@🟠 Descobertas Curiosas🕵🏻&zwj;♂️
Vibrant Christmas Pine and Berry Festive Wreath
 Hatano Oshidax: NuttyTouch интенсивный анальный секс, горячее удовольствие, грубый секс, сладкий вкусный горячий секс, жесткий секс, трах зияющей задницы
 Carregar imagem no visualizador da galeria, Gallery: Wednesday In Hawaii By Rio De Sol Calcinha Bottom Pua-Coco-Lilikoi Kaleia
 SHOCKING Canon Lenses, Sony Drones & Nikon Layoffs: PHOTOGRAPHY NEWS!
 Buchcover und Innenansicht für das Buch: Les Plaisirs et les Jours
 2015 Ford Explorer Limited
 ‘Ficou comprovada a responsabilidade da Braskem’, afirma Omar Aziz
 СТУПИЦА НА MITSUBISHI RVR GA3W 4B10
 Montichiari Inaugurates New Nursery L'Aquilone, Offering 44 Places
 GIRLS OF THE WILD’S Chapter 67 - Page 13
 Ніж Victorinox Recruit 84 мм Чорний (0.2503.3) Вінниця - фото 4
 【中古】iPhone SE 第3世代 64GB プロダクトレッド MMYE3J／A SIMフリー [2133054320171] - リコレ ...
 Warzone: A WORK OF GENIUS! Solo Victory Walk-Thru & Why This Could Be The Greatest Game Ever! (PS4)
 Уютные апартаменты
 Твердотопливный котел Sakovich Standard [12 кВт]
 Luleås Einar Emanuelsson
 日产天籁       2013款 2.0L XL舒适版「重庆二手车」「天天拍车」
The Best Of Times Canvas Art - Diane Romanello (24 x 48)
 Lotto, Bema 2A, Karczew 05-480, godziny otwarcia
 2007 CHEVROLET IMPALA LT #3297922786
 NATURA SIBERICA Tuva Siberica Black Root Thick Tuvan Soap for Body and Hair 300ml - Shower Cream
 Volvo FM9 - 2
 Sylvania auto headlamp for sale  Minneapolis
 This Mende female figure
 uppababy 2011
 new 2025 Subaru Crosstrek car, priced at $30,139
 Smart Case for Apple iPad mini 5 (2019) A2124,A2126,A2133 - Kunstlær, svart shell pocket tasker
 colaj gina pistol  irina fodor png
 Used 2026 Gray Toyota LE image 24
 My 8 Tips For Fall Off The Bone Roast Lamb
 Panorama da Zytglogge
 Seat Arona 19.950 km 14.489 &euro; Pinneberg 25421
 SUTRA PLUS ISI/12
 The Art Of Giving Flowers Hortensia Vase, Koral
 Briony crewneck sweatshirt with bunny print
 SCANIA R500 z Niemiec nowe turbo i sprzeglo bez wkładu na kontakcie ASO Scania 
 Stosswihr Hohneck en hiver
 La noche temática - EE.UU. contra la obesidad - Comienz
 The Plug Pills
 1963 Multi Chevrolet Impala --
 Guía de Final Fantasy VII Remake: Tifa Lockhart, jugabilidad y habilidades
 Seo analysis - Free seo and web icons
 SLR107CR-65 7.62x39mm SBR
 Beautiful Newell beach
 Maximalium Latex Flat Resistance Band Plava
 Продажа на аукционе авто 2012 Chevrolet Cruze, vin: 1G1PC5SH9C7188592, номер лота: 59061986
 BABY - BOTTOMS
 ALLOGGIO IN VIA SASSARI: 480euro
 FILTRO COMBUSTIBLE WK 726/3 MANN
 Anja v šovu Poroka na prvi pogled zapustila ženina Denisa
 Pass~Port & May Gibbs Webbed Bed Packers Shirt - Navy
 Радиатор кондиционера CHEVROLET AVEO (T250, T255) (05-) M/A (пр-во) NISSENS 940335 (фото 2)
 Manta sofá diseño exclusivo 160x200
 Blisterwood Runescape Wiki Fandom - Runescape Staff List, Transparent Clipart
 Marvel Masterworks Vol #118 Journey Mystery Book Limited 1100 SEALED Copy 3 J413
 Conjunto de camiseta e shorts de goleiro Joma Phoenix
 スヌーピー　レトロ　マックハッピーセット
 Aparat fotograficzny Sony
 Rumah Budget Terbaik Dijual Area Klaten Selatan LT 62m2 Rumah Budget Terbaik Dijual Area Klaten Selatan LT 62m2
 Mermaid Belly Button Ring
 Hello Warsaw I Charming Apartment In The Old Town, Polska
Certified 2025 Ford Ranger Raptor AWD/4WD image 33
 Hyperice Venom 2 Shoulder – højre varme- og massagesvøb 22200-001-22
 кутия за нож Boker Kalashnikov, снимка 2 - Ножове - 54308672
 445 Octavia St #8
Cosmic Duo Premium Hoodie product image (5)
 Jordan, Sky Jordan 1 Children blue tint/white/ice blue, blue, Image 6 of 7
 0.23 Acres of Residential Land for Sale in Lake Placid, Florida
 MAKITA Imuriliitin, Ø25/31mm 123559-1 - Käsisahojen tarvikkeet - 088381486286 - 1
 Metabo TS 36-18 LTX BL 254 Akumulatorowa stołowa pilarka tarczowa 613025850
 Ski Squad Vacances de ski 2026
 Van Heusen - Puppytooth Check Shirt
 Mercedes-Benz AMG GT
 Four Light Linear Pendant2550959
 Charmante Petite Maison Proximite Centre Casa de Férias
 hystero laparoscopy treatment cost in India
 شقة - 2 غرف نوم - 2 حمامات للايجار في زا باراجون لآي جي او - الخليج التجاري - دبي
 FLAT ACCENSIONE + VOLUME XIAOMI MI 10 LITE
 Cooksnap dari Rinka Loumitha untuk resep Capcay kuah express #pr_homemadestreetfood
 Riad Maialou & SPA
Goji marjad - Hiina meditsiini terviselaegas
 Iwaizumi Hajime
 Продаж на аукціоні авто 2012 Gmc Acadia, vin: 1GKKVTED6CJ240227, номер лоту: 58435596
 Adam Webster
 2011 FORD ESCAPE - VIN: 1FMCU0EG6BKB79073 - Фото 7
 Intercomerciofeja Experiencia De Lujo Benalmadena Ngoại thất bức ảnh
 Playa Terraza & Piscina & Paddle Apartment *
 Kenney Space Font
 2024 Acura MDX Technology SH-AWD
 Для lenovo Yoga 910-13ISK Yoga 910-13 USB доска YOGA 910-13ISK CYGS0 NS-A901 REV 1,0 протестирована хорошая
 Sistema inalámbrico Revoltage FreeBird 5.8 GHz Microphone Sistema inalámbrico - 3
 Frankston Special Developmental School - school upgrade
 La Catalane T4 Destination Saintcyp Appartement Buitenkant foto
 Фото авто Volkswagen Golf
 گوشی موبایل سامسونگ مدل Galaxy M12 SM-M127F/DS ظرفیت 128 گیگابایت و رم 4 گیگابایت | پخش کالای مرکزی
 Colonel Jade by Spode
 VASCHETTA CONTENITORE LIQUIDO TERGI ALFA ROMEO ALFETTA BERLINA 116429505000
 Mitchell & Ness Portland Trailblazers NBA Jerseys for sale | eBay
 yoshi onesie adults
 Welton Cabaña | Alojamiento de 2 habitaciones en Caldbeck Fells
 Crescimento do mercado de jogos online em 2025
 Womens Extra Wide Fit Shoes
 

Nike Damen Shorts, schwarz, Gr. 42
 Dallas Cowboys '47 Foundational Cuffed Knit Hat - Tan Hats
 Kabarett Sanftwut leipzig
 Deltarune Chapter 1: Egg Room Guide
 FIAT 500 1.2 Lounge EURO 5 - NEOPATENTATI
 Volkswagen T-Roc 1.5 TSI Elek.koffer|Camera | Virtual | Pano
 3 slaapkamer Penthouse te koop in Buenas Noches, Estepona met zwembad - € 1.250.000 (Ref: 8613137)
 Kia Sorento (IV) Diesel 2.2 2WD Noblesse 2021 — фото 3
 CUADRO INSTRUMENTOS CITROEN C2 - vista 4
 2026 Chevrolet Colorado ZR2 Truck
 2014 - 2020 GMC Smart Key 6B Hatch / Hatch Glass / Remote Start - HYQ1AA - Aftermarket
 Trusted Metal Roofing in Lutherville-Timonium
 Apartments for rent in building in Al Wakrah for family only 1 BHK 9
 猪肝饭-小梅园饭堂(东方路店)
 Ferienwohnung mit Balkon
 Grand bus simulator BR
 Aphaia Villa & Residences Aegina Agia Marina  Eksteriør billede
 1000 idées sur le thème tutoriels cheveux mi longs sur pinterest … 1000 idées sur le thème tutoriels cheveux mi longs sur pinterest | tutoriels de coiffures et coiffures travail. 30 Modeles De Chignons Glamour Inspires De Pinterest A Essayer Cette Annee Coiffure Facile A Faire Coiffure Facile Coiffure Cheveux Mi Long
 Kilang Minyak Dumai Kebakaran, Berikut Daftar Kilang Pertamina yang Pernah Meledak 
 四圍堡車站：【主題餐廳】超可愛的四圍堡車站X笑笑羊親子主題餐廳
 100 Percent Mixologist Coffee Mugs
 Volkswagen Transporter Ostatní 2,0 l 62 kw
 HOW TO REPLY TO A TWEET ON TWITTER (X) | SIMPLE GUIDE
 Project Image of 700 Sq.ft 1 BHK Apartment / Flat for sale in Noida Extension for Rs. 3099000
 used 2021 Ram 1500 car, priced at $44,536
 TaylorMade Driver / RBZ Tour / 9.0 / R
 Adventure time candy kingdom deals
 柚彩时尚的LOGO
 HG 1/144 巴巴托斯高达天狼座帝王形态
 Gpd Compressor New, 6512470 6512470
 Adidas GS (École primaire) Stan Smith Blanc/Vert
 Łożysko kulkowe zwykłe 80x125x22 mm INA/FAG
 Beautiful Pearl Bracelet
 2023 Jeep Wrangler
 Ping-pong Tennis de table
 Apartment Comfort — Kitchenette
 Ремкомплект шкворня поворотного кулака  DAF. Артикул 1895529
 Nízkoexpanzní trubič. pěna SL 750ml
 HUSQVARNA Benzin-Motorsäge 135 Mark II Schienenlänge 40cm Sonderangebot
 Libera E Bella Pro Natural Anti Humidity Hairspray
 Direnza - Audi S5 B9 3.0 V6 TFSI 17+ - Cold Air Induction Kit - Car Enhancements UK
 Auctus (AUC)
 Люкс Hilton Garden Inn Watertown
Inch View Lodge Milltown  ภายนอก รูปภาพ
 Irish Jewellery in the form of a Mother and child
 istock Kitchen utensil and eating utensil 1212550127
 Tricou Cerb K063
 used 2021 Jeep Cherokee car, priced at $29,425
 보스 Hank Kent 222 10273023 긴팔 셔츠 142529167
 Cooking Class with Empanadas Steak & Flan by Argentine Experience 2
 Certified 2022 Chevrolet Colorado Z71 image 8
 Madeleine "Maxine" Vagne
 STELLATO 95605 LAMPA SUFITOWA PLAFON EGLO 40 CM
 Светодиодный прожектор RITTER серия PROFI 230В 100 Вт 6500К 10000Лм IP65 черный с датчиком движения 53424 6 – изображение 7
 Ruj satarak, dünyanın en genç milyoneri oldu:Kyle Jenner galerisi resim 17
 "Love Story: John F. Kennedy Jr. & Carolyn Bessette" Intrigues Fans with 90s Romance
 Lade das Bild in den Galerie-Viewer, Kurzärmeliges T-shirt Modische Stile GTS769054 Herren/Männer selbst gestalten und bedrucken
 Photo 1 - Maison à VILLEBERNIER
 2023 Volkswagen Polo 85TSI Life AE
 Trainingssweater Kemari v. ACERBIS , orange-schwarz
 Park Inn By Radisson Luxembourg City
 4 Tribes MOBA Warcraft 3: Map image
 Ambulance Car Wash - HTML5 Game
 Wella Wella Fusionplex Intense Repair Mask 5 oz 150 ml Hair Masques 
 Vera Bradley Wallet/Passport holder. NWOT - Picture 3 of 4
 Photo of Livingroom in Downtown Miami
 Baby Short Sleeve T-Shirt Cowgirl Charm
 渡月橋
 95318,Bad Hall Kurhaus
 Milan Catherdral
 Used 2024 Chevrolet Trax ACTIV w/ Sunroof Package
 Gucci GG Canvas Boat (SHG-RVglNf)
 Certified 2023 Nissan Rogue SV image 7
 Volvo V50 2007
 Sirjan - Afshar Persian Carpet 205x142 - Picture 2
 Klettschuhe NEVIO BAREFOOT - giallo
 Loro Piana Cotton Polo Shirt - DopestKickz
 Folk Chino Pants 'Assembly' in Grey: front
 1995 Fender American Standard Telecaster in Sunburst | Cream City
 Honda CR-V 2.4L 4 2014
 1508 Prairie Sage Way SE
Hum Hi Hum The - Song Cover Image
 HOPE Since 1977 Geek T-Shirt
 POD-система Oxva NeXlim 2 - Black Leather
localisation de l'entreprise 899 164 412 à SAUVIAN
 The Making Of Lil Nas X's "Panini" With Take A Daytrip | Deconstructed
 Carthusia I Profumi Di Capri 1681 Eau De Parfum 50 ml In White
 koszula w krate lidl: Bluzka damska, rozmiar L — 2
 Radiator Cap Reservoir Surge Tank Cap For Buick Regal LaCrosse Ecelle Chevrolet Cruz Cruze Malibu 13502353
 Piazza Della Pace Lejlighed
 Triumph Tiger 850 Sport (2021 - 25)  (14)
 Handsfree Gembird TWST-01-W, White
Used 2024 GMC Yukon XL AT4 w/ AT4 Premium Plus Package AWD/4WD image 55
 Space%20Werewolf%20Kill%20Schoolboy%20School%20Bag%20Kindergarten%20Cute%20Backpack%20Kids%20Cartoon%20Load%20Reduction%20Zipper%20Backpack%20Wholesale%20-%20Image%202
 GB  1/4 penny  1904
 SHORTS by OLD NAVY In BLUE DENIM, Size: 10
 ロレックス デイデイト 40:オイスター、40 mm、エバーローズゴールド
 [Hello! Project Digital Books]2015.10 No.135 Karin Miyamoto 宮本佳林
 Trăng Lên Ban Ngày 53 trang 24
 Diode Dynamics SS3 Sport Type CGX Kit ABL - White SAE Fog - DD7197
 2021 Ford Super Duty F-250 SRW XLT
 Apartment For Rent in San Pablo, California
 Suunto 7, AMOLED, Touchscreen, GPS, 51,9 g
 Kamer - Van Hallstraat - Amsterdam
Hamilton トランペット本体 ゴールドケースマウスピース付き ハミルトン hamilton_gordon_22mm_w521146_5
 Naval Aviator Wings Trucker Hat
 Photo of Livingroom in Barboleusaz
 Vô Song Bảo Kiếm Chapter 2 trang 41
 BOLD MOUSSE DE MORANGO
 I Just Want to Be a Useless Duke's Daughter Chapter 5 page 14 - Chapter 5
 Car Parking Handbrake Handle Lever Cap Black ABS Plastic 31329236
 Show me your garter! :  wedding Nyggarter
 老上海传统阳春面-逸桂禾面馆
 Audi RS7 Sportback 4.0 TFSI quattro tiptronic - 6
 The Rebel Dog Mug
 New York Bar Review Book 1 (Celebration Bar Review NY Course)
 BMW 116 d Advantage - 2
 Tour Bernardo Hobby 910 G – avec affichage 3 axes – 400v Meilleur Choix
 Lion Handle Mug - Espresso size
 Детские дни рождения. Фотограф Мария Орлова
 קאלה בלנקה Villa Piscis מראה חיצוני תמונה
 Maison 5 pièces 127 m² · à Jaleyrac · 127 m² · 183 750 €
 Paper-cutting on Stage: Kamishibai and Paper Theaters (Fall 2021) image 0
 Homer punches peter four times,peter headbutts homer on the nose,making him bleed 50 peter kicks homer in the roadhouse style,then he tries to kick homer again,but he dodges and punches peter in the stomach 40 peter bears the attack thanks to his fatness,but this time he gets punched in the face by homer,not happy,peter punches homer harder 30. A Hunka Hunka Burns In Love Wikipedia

**Aim of the exercise**
In the records above, the line with "FIAT 500 1.2 Lounge EURO 5 - NEOPATENTATI" marks the start and the line with "Kia Sorento (IV)" marks the end; copy that stretch exactly, both lines included, and nothing else.

**Final answer**
 FIAT 500 1.2 Lounge EURO 5 - NEOPATENTATI
 Volkswagen T-Roc 1.5 TSI Elek.koffer|Camera | Virtual | Pano
 3 slaapkamer Penthouse te koop in Buenas Noches, Estepona met zwembad - € 1.250.000 (Ref: 8613137)
 Kia Sorento (IV) Diesel 2.2 2WD Noblesse 2021 — фото 3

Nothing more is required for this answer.